My experience is that most business owners have more room for price increases than they realize, but they are afraid to use that leverage. My question to entrepreneurs contemplating price increases is, “When was the last time you lost a customer or deal over pricing?” I’ve found this fear often puts a downward pressure on pricing in perpetuity. But if you monitor your gross margin to ensure you are making the right amount of gross profit, you are eventually going to have to raise your prices.
Which leads me to the current economic situation. Coming out of 2020, I’m sure you’ve noticed the labor market shortage and supply chain disruptions. We’ve seen housing prices jump by around 15% in one year, as an example. The reality is that there is severe pressure on the gross profit, and you may want to consider doing something about it now. If you haven’t yet experienced climbing costs or labor, it’s likely that you will.
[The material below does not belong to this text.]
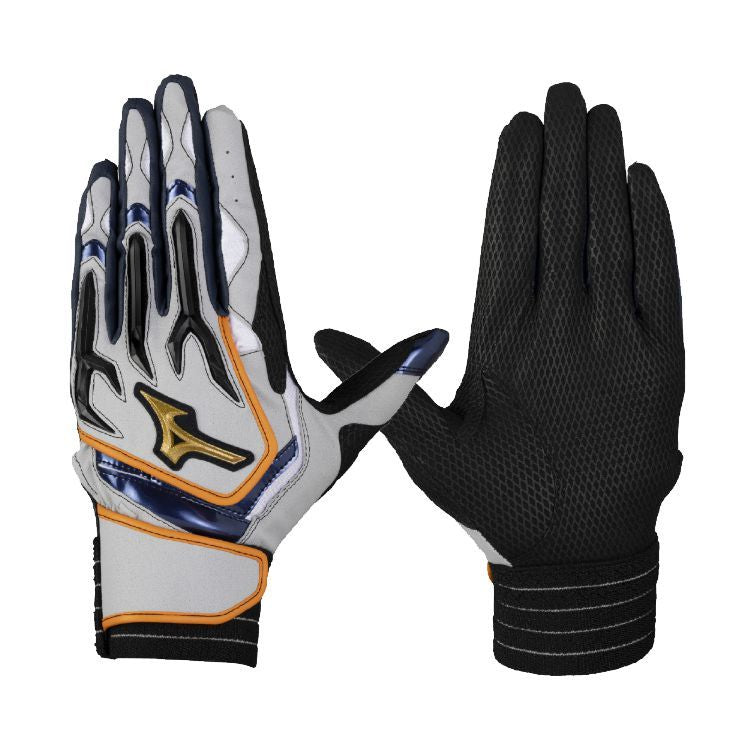 ミズノプロ MizunoPro バッティンググローブ グレー×ブラック×オレンジ 一般 1EJEA557 -刺繍対応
Raising prices allows you to do a couple of other things in your business. The first is to focus on your value. If you are uber clear on the problem you are solving for people, and you deliver a solution to that problem, they want to pay you for it. Many small businesses struggle with pricing because they are trying to be too many things to too many people. Reviewing your pricing gives you the opportunity to find out what you are really good at and charge what the market will pay.
This leads to the second thing that pricing reviews give you — an opportunity to get rid of bad customers. You know the ones I’m talking about. They pay a lot of money, but they take up a lot of time and resources. At the end of the day, you don’t make as much money on them as you do with the other customers. But that money — you don’t want to give it up! In my experience, if you price your products and services correctly, those problem customers go away, and their gross profit is replaced by other customers. In other words, you make the same amount of gross profit with less work.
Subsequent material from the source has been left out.